Avec les parents, on se rencontre tous les jours en coup de vent. C’est rapide, c’est la fameuse séparation, même quand le début d’année est loin. Parfois, ils pleurent en partant dans le couloir.
De dos, mais je le sais.
Leurs enfants, eux, ne pleurent pas longtemps du tout après leur départ, mais ils ne le voient pas.
Je prends aussi le temps de les rencontrer plus longuement dans la classe. Pour leur expliquer comment on travaille, montrer les réussites, les détailler. Pour les encourager à continuer d’être un parent d’élève, un parent tout court, pour les guider parfois. Et là, ils pleurent encore. Devant les photos, devant le petit dessin qui les représente tous tordus ou avec des membres en moins, les découpages appliqués, le comptage des bougies sur le gâteau d’anniversaire de l’ours. Ils sont gênés, étonnés, impressionnés et saisis par leurs émotions. Maintenant, j’ai une boîte de kleenex pas loin, je l’attrape et je la pose sur la table quand ils pleurent. Quatre fois depuis janvier. Trois mères et un père.
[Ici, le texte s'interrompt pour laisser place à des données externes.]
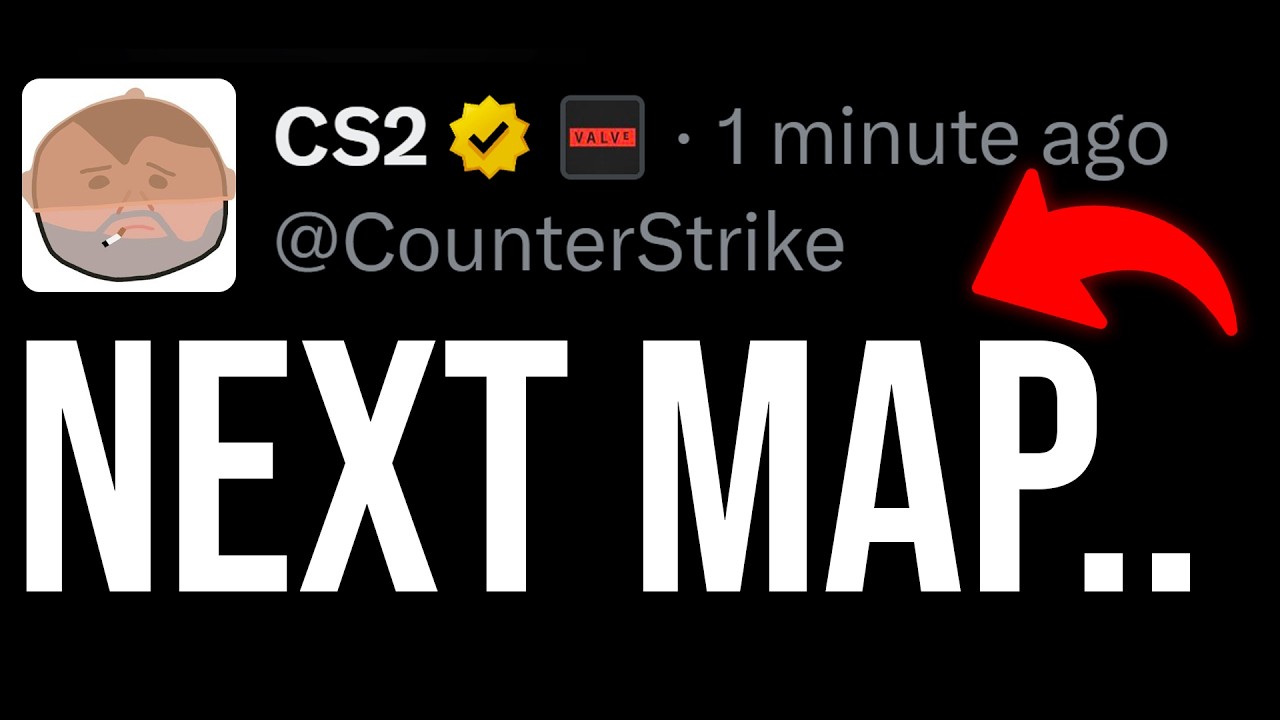 WE CHECKED THE UPCOMING CS2 MAP.. WE CHECKED THE UPCOMING CS2 MAP..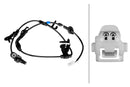 HELLA 8ET 358 095-581 Mass Air Flow Sensor - 5-pin connector - Bolted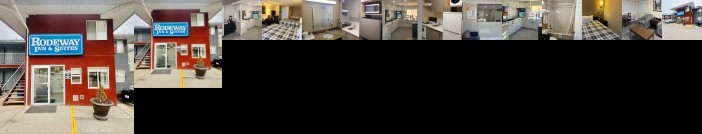 Rodeway Inn & Suites Kamloops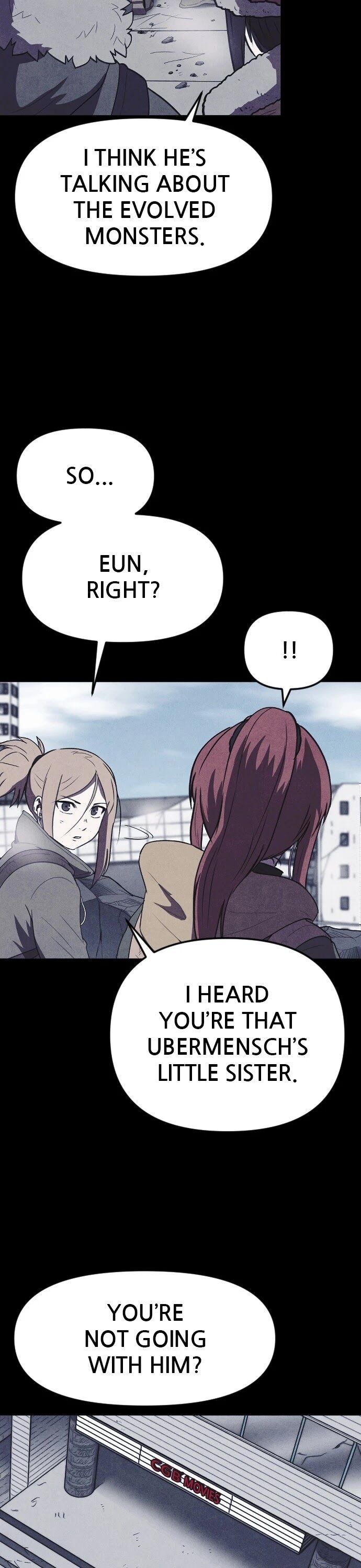 Read Shotgun Boy Manga Online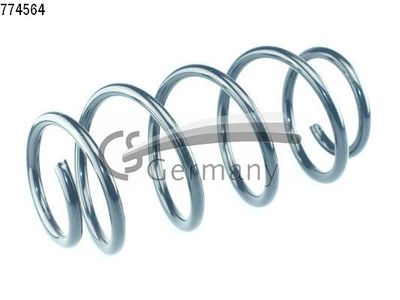 CS Germany 14.774.564 Пружина подвески  для OPEL MERIVA (Опель Мерива)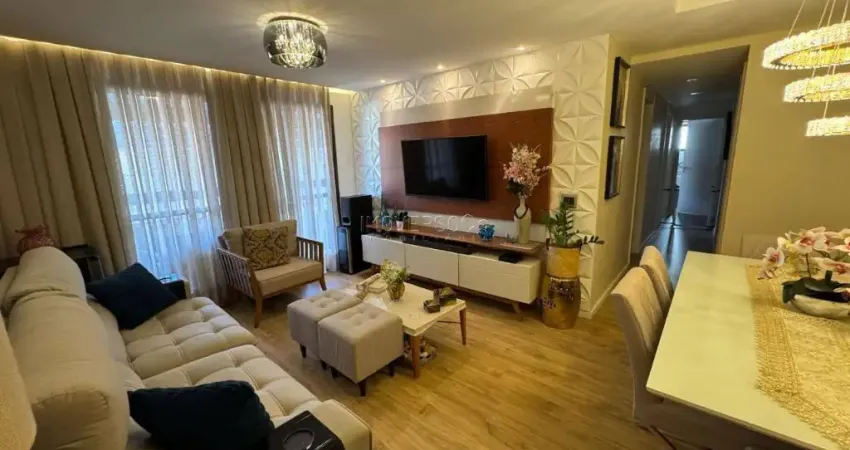 Apartamento de 4 quartos sendo 4 suítes – Recreio dos Bandeirantes – R.J.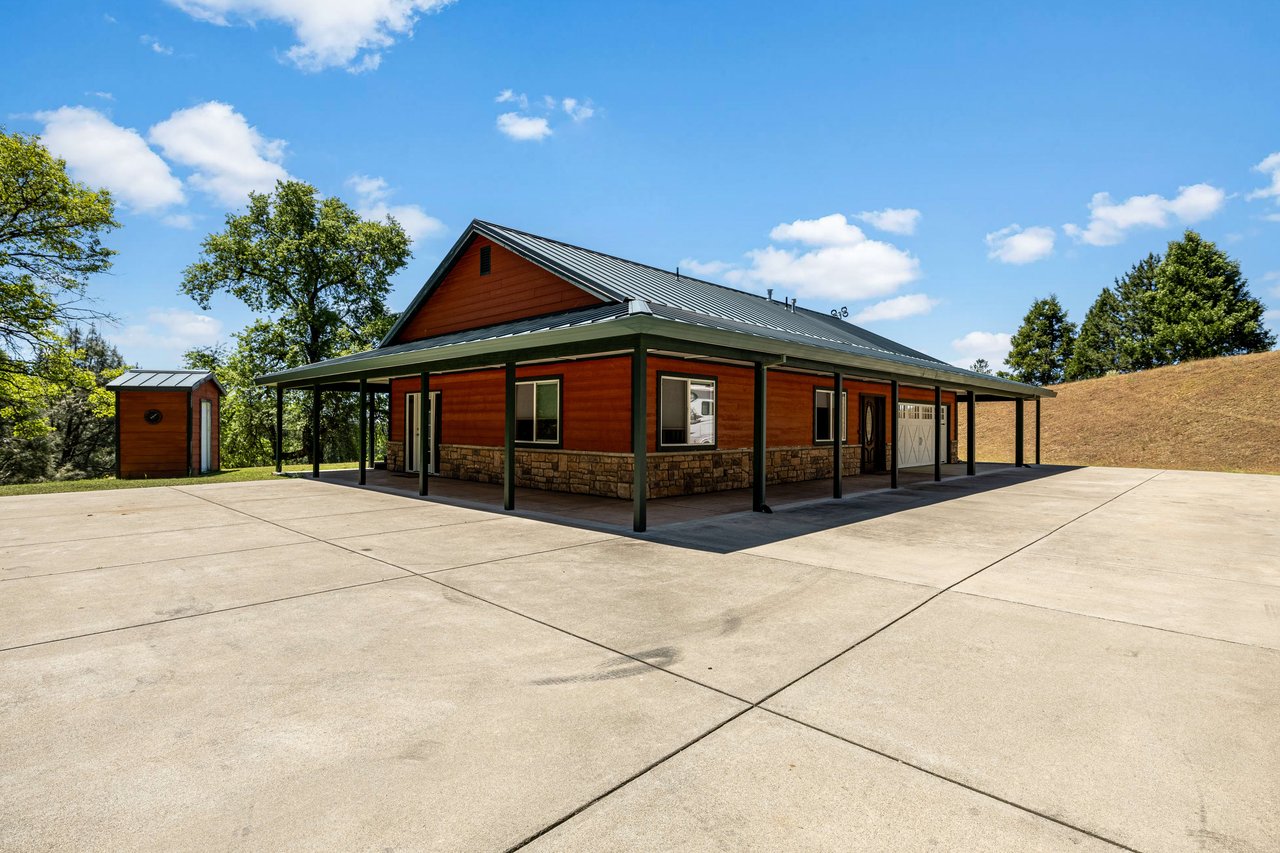 501 Shell Ln, Placerville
Hier Abdou m’a amené une feuille avec son prénom écrit dessus. On en avait parlé pendant le rendez-vous avec sa maman. J’avais dit qu’on allait commencer à y aller tranquille, à s’y mettre… pour savoir l’écrire bientôt. Il a voulu tout de suite et il s’est entrainé tous les jours de la semaine.
– « T’as vu le U j’ai un peu raté.
– Mmmh, non ça va, il faudra le faire un poil plus grand la prochaine fois, mais on reconnait bien la lettre.
– C’est pas grave, maîtresse. C’est pas grave, hein. Même mourir c’est pas grave. On va tous mourir. Même toi maîtresse. »
C’était dit simplement et avec un immense sourire, c’était joyeux.